One mother came up to me and told me how much she had liked the sessions she got to participate in with our training team and how she was grateful everyday that her son attended the National Centre for Cerebral Palsy. She said “before my son started there, I cried everyday, not knowing how to support him. His condition was relatively mild and therefore, he had not been diagnosed straight away. When he started the school, I received so much support and advice and he really started to do well.” The tears welled up in her eyes as she spoke and she told me “I was blessed to have a son with this condition, because he opened my eyes to how to be a better person, to learn to be grateful for what we do have. I have met other parents and made friends who understand our family. I believe God gives these special children to parents and gives them the strength to help them. I am happy to have found this place where my son can get help and I am so grateful to have such a special child, for he is special, they all are.”

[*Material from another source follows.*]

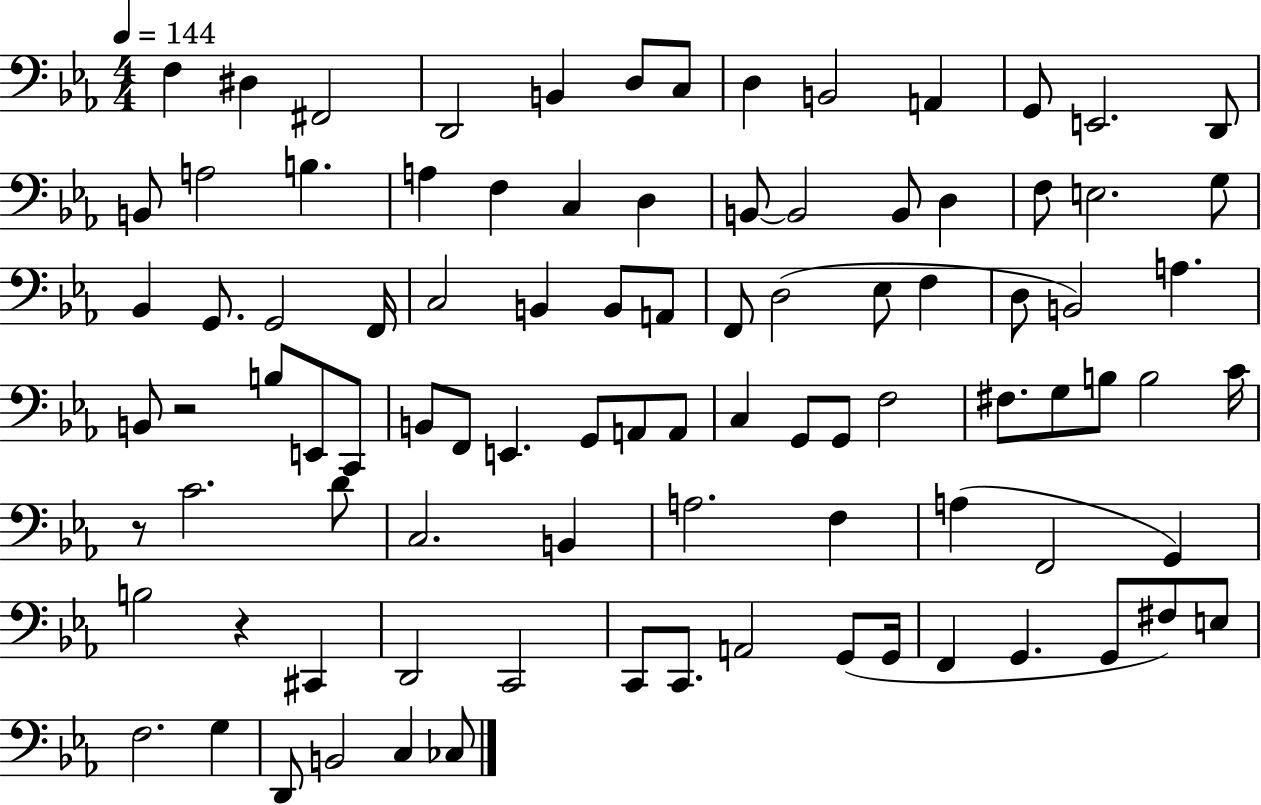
F3/q D#3/q F#2/h D2/h B2/q D3/e C3/e D3/q B2/h A2/q G2/e E2/h. D2/e B2/e A3/h B3/q. A3/q F3/q C3/q D3/q B2/e B2/h B2/e D3/q F3/e E3/h. G3/e Bb2/q G2/e. G2/h F2/s C3/h B2/q B2/e A2/e F2/e D3/h Eb3/e F3/q D3/e B2/h A3/q. B2/e R/h B3/e E2/e C2/e B2/e F2/e E2/q. G2/e A2/e A2/e C3/q G2/e G2/e F3/h F#3/e. G3/e B3/e B3/h C4/s R/e C4/h. D4/e C3/h. B2/q A3/h. F3/q A3/q F2/h G2/q B3/h R/q C#2/q D2/h C2/h C2/e C2/e. A2/h G2/e G2/s F2/q G2/q. G2/e F#3/e E3/e F3/h. G3/q D2/e B2/h C3/q CES3/e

She was just one of many parents who spoke to me about how life-changing the National Centre for Cerebral Palsy has been for her family. MAITS is proud to work with Gopi and his team and it reinforces our belief in our approach which is to be there to serve and support fantastic, local organisations. We could not do the work that they do better than they do, we could not know what their community needs better than they do. But we are there, to support with training needs, in areas that they and all our other local partners have identified. We bring volunteer trainers who give freely of their time, support their costs and contribute modest amounts to enable trainees from out of area to get transport and accommodation where needed so that they can attend training.
We are proud to maintain an ongoing relationship with so many wonderful local organisations, who can benefit free of charge from our training and who, most importantly, we maintain an ongoing partnership with.
As I walked around the centre, day after day, between the training sessions that I was observing, whilst meeting parents and staff, I kept looking around and thinking “this place is amazing, all this is because of two people, two parents, who knew that not just their child, but so many more, deserved so much better. And then they made it happen.” And we are very proud to walk alongside them on their journey.
The National Centre for Cerebral Palsy is just one of our wonderful local partners. We work with many amazing organisations and have worked in 20 countries around the world through our team of qualified volunteers.